> [Description of the task] Quote the records below in full, exactly as given, with the images taken out.

[Short text fragments from websites]

-----

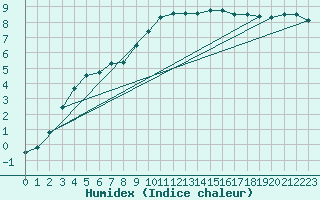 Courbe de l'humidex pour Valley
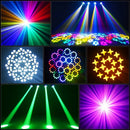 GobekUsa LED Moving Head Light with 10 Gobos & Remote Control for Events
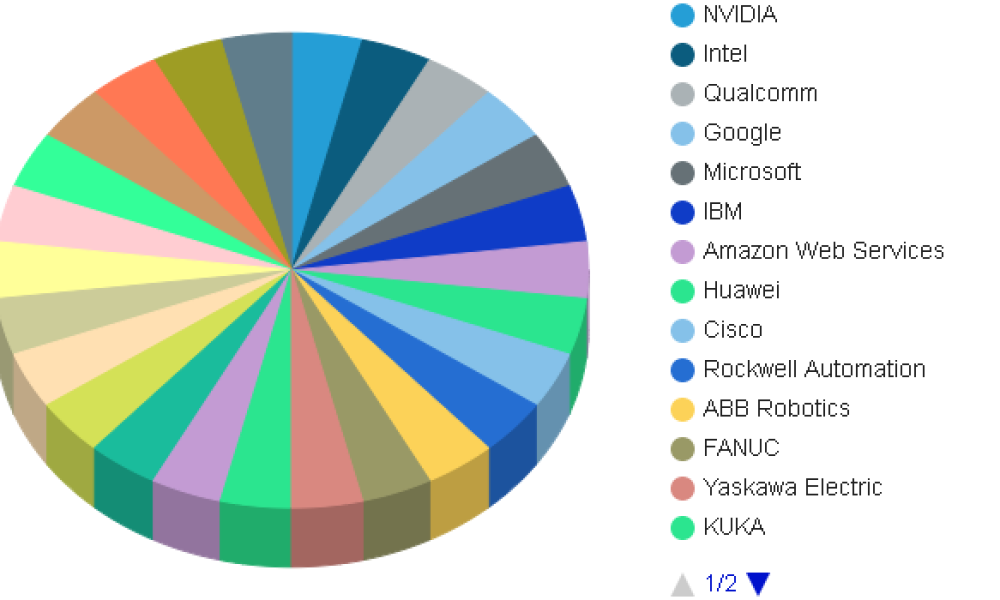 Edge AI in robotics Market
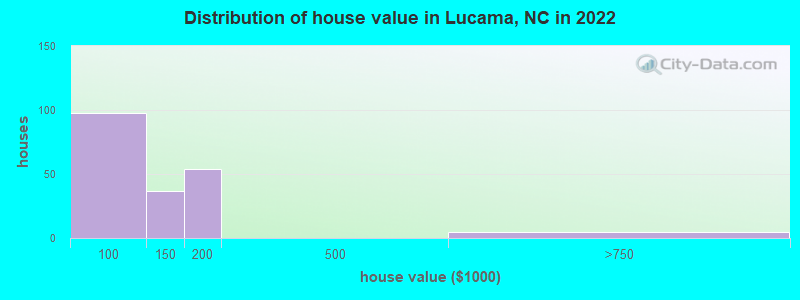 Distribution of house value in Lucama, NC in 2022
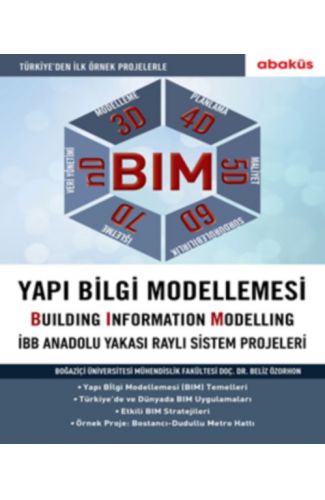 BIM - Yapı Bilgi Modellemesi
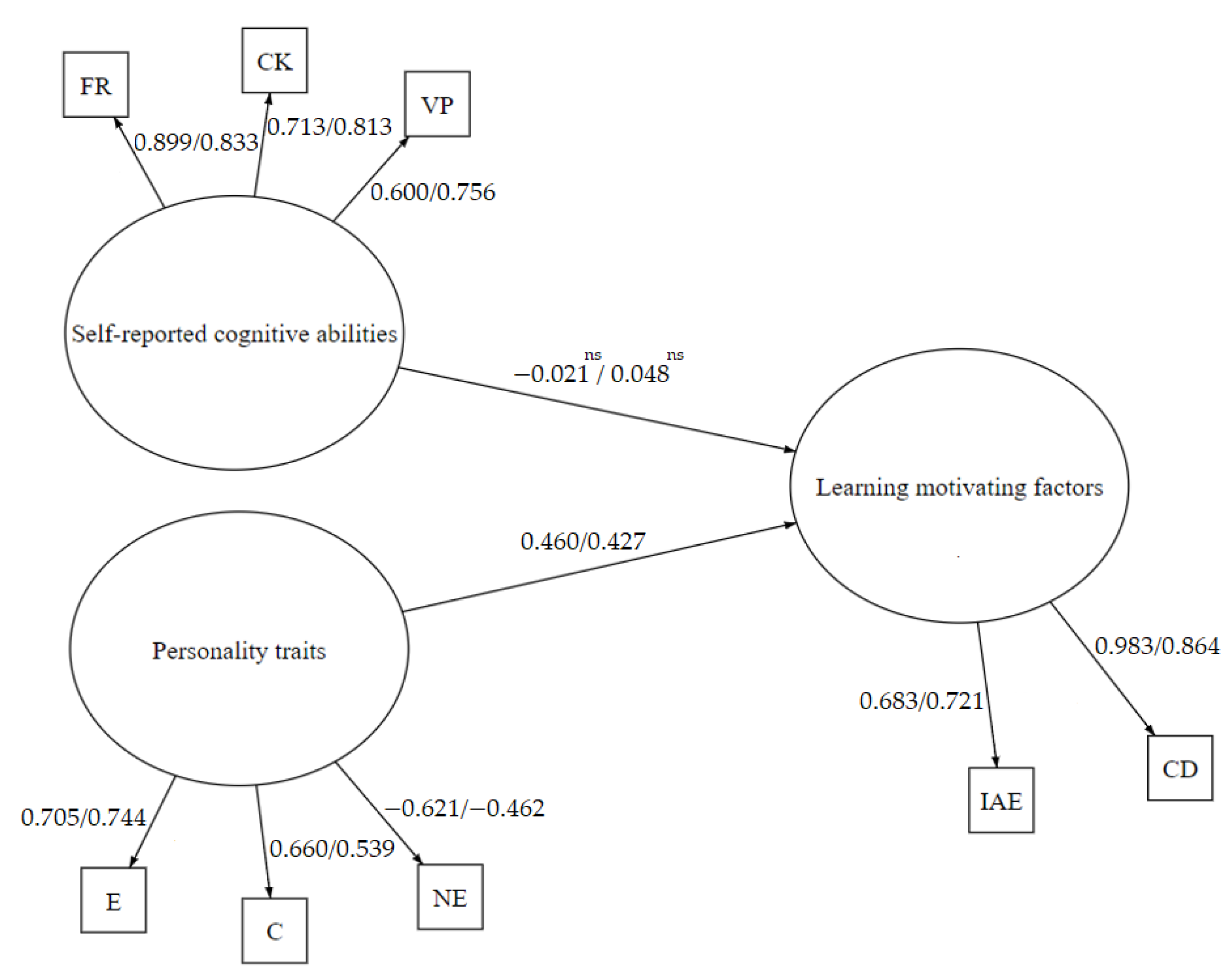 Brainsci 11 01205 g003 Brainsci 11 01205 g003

-----

> [Completed task]
 Courbe de l'humidex pour Valley
 GobekUsa LED Moving Head Light with 10 Gobos & Remote Control for Events
 Edge AI in robotics Market
 Distribution of house value in Lucama, NC in 2022
 BIM - Yapı Bilgi Modellemesi
 Brainsci 11 01205 g003 Brainsci 11 01205 g003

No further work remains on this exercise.